I really like John Holbo’s point about teaching Descartes’ actual writings as an introduction to “modern philosophy” in this Crooked Timber post.
There’s a general pedagogical point here about intellectual history. When we teach canonical texts that are commonly held to be the origin or starting point of a new intellectual, political, scientific or moral tradition, we frequently confuse undergraduates, because texts which originate novelty are not aware of all the practices and claims that will be built upon them. It’s as if I told my students, “We’re going to study this house with all its walls and windows and furniture and paint and I want you to think about all that and see it while we study the hole being dug for its foundation.”

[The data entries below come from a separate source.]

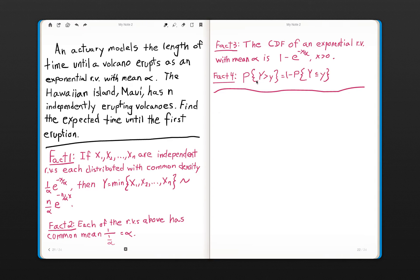Welcome back. This is Dr. Mee at the Actuarial Academy. We have a problem where an actuary models the length of time until a volcano erupts as an exponential random variable with mean alpha. The Hawaiian island Maui has N independently erupting volcanoes, and we would like to help this actuary find the expected time until the first eruption.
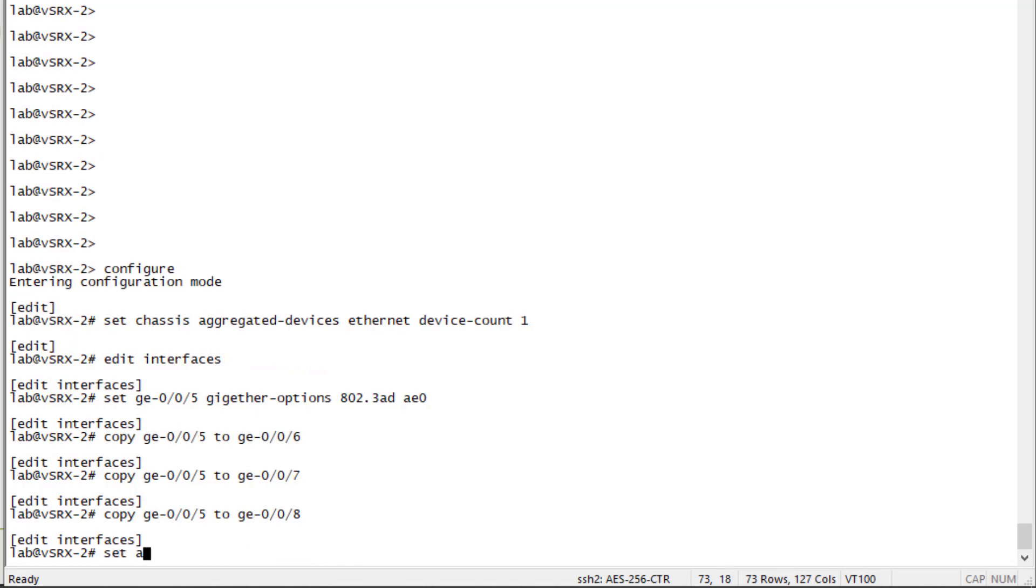And then we need to set AE0. The aggregate ethernet options will configure LACP to be active. Now, this side could be set to passive and it would work, but we also can set it to active and it'll work just fine.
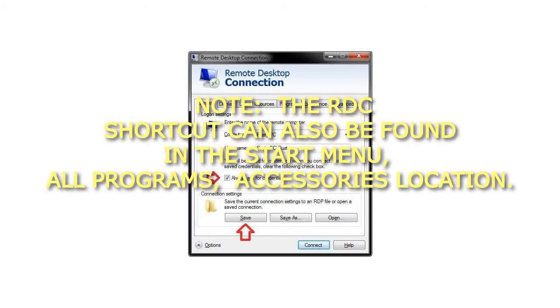Note, the RDC Shortcut can also be found in the Start Menu, All Programs, Accessories location.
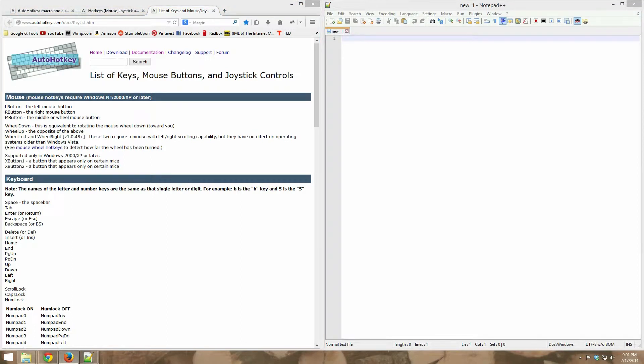Welcome to another episode of learning to code with AutoHotKey. My name is Kyler Dalton. Let's get started.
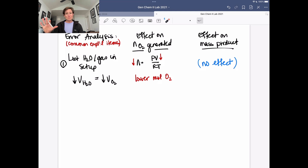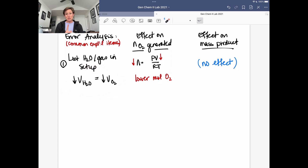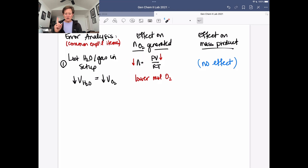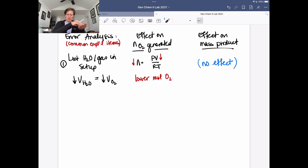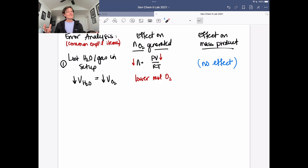The first scenario: your experimental setup had a hole in the tubing, or you lost some water. Losing water is equivalent to losing gas. If we're losing oxygen or water, we're not measuring or capturing as much oxygen. If we decrease the volume measured, that results in a lower number of moles of oxygen. However, there should be no effect on the mass of product made, because the potassium chlorate is still converting to its solid product — we're just losing some of the gaseous byproduct.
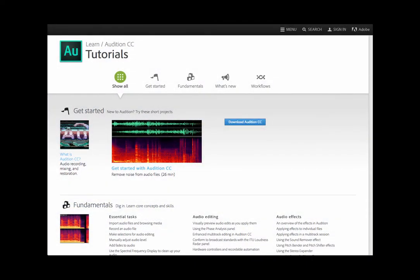Hey guys, this is Corey from Podfly, and today we're going to be taking a look at really the gold standard of audio editing software used both in professional podcasting and broadcasting alike: Adobe Audition. You might have heard a lot of people speak about this DAW, or Digital Audio Workstation.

The CT thread has an interesting discussion about whether you really want to read a text like Descartes’ Meditations in its own historical context (which some suggest is a move that favors history over philosophy), but everyone agrees that there’s a pedagogical misfire of some kind involved in trying to read a text as the origin point of a standardized school of thought that had yet to exist. Part of the problem with just switching and looking for a later text which performs that standardization is that those tend to be much duller works for discussion and interpretation. If all you’re looking for is a standardized description of a philosophical or theoretical approach, better to just assign a Wikipedia or Stanford Encyclopedia entry if they’re halfway decent.
But then that brings back the problem of how to read and teach the interesting texts which are interesting in part because they’re not-yet what later authors will interpret them to be while anticipating and teaching about what later authors will invent around and out of those originary works. What can be especially unsettling about this for undergraduates is discovering that what later authors will see as founded in an older text is often not really there in any strong or distinctive form, that the later authors are responding as much to a lineage of successive interpretations as they are to the foundation.
It’s just so tempting to make my students read Newton… Hmm, really, the math is so dry that giving history more emphasis than I do would probably be a really good thing. I think it’s easier in my field to make the “lineage of successive interpretations” not so unsettling.
“that the later authors are responding as much to a lineage of successive interpretations as they are to the foundation.”
There’s nothing so unusual about that — sounds just like the Rabbinical tradition! Of course, now that’s introducing an entirely different field of study.
Though it’s a very good formalization of this point, to not imagine that somehow Torah anticipates and is always already part of Talmud.